### EXTRACTED ENTRIES
________________________________________
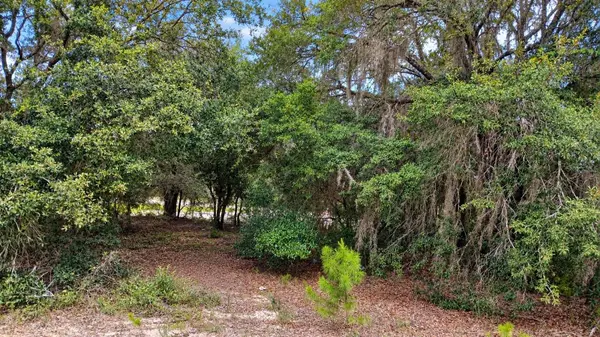 TBD SE MALAUKA LOOP RUN RD, Ocklawaha, FL 32179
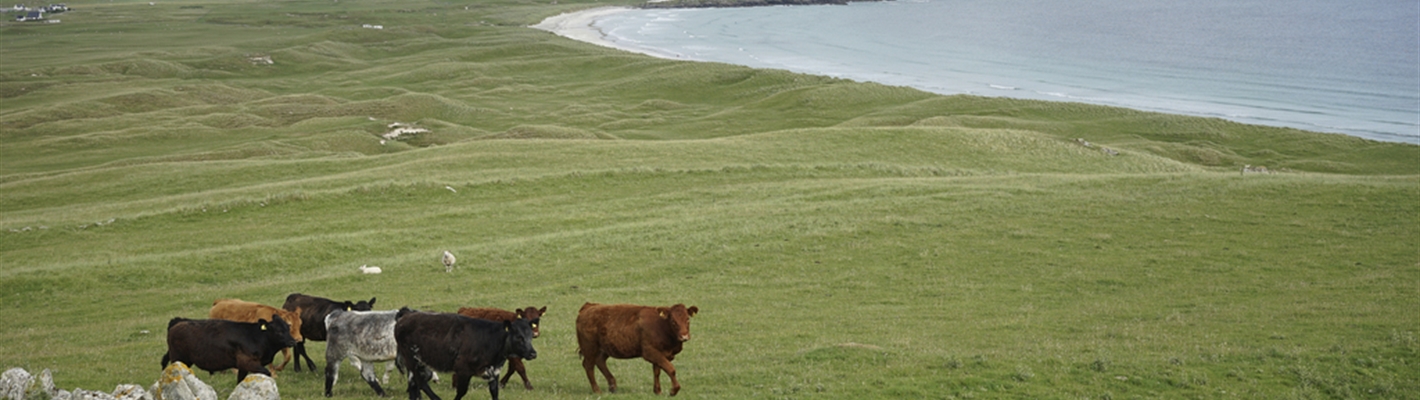 Cattle on machair above Travee, Isle of Tiree, Scotland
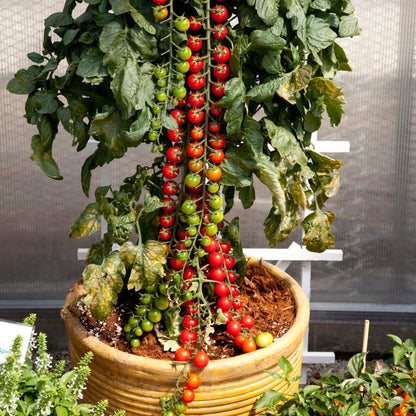 Tomate cerise 'Rapunzel'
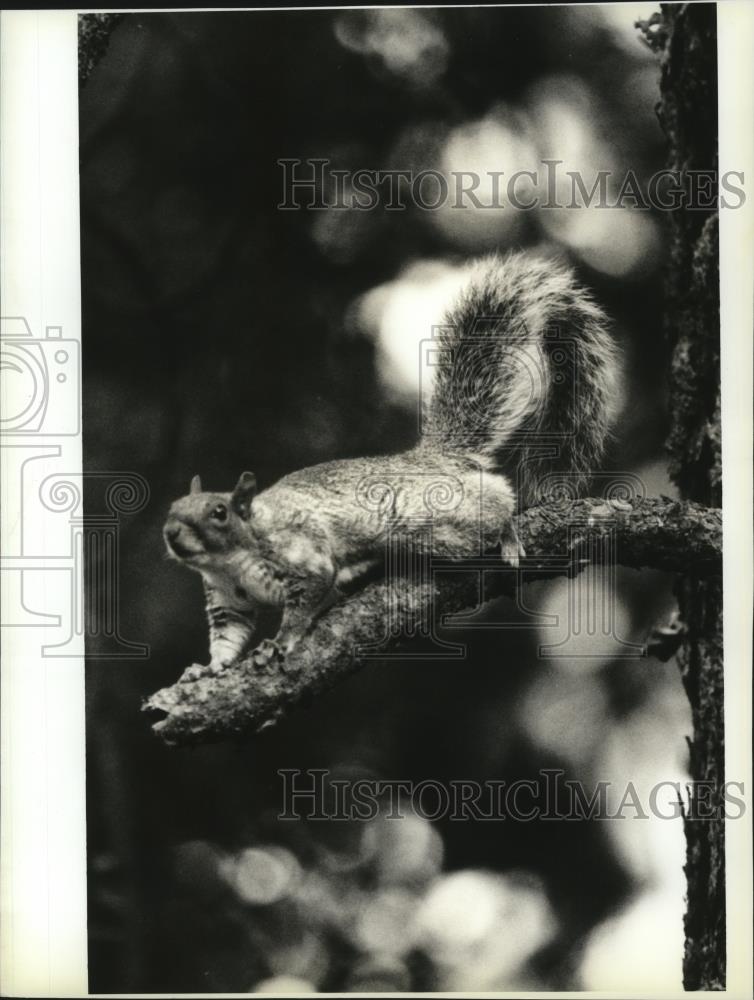 1993 Press Photo Several squirrels have died from poison in one Valley - Historic Images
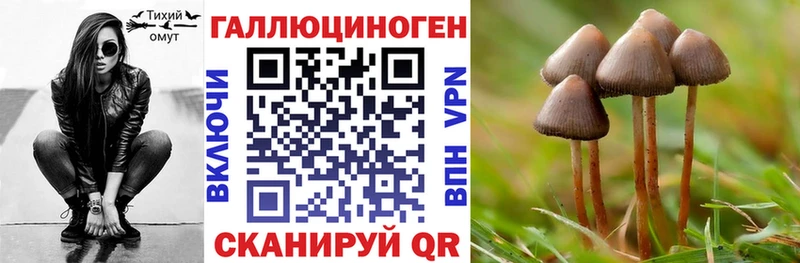 Галлюциногенные грибы MAGIC MUSHROOMS  закладки  Лосино-Петровский 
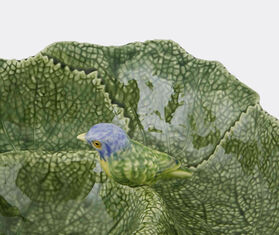 Cineraria Appetizers Plate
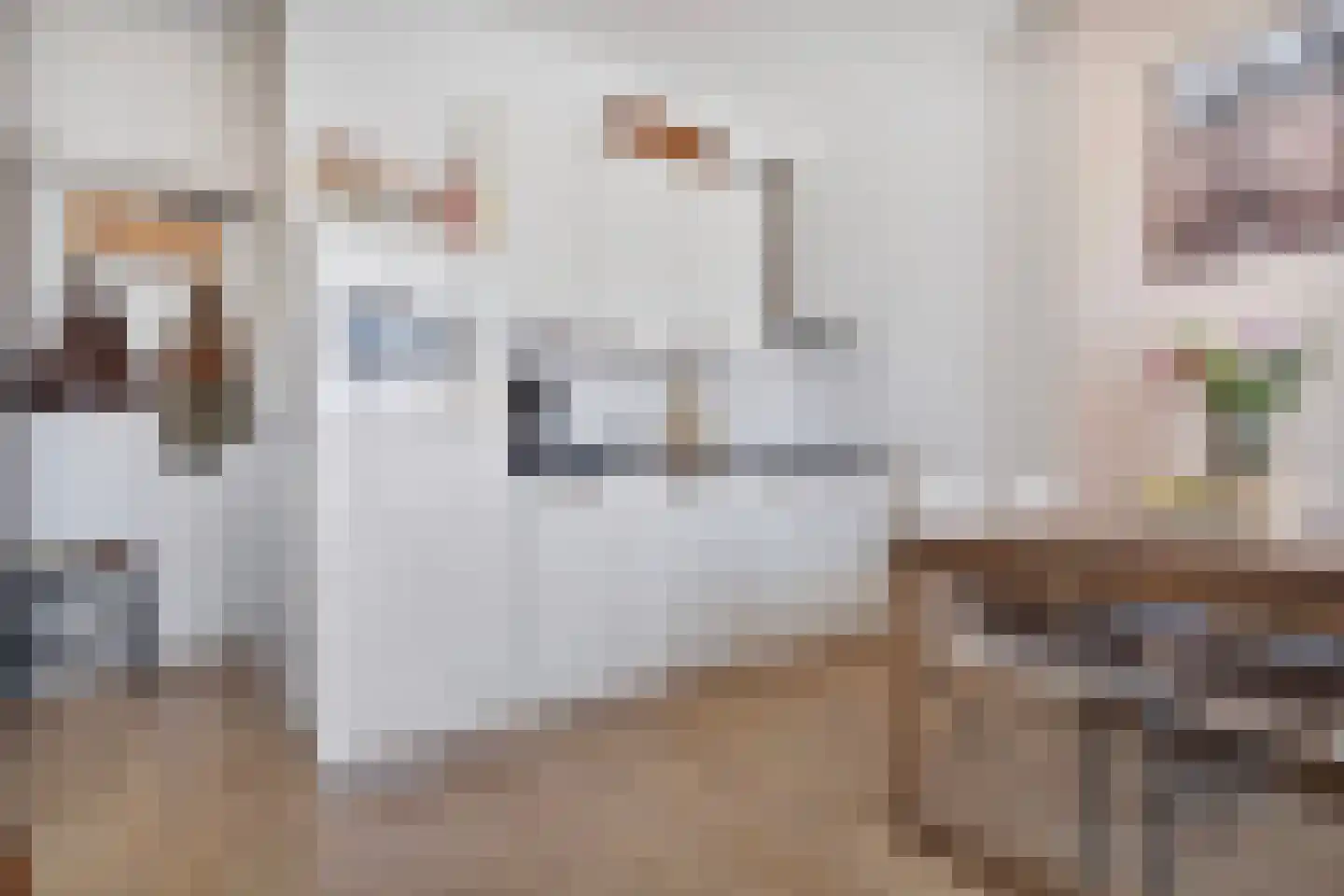 Dirk Hoogenraadstraat 83 Den Haag thumbnail 14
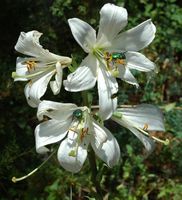 Lírio branco (Lilium candidum), ilha de Mljet. Clicar para ampliar a imagem.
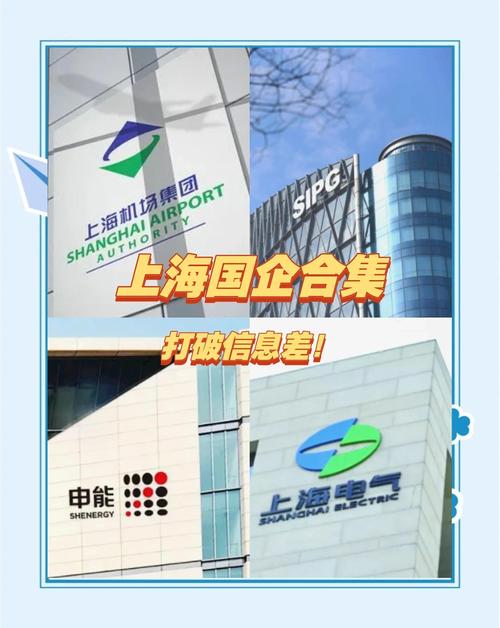 上海信合投资有限公司是何背景？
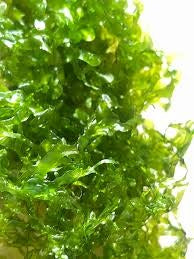 Pelia_moss (2)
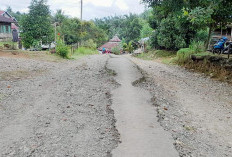 Berulangkali Diusulkan, Jalan di Talang Buai Tak Kunjung Dibangun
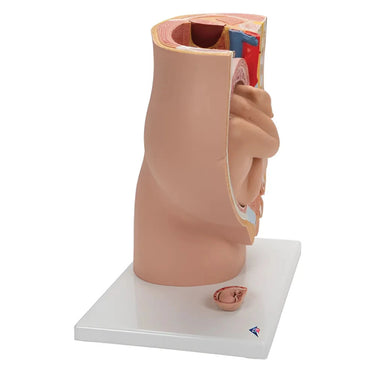 Pelvis de Embarazo, 3 Piezas - 3B Smart Anatomy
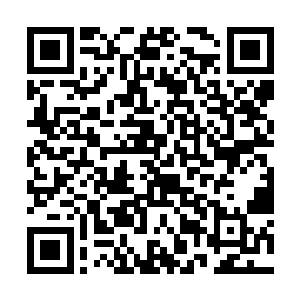 也不想想这荒郊野外的一个凡人怎么可能来这里卖茶二维码生成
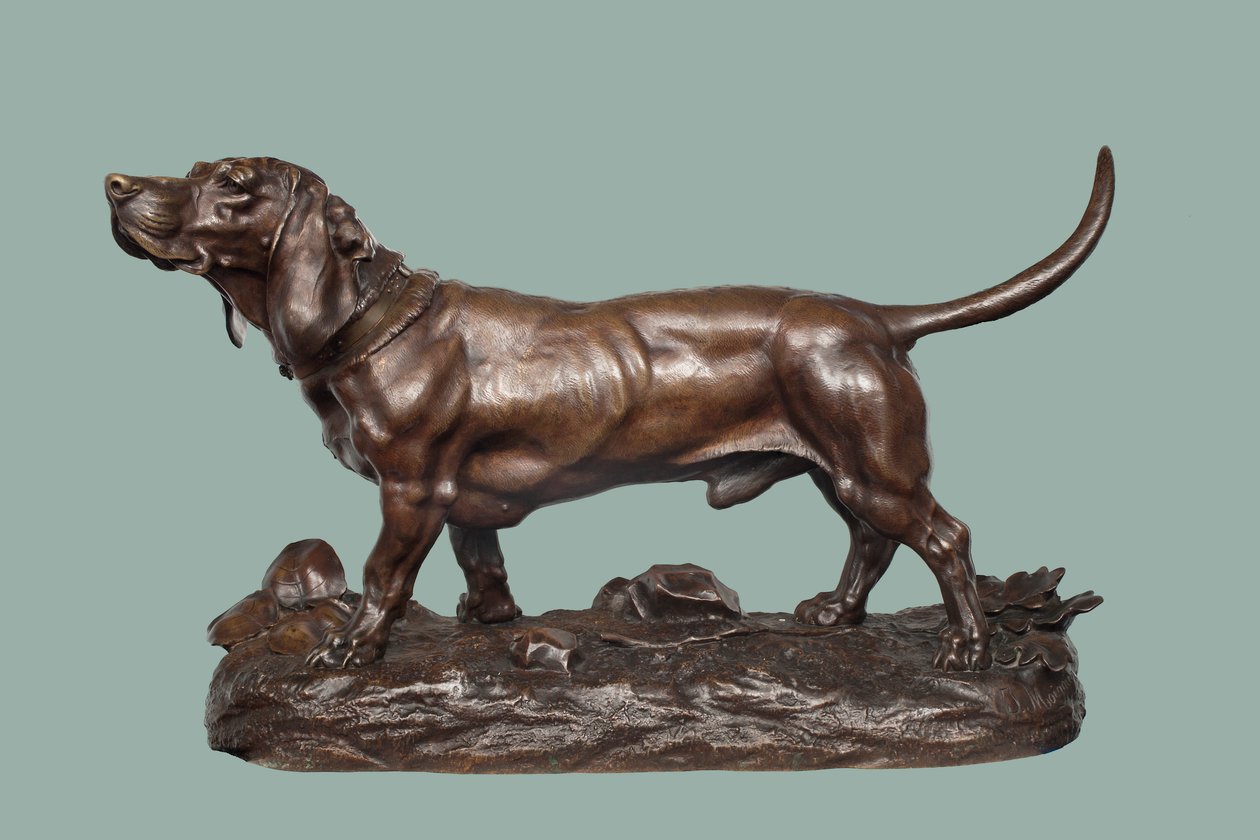 En Basset Hound (bronse med brun patina) av Jules Pierre Moigniez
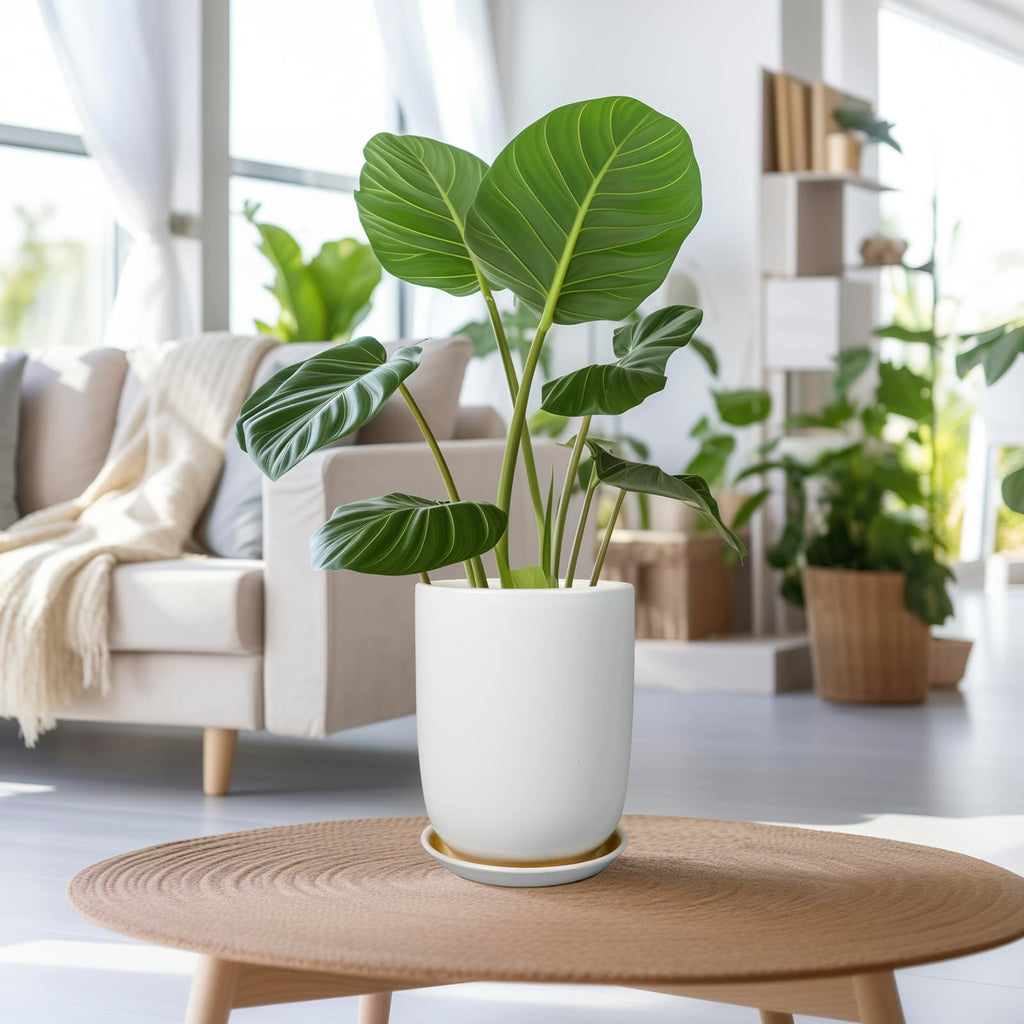 Plant Pot 8 Inch - Ceramic Planter for Indoor Plants Outdoor, Large Plant Pot with Drainage Hole and Saucer, Modern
________________________________________
### INSTRUCTIONS TO FOLLOW
Please restate word for word the lines above, starting with the line that holds "Berulangkali Diusulkan, Jalan" and ending with the final line of the records, while leaving out pictures.

### WRITTEN ANSWER
 Berulangkali Diusulkan, Jalan di Talang Buai Tak Kunjung Dibangun
 Pelvis de Embarazo, 3 Piezas - 3B Smart Anatomy
 也不想想这荒郊野外的一个凡人怎么可能来这里卖茶二维码生成
 En Basset Hound (bronse med brun patina) av Jules Pierre Moigniez
 Plant Pot 8 Inch - Ceramic Planter for Indoor Plants Outdoor, Large Plant Pot with Drainage Hole and Saucer, Modern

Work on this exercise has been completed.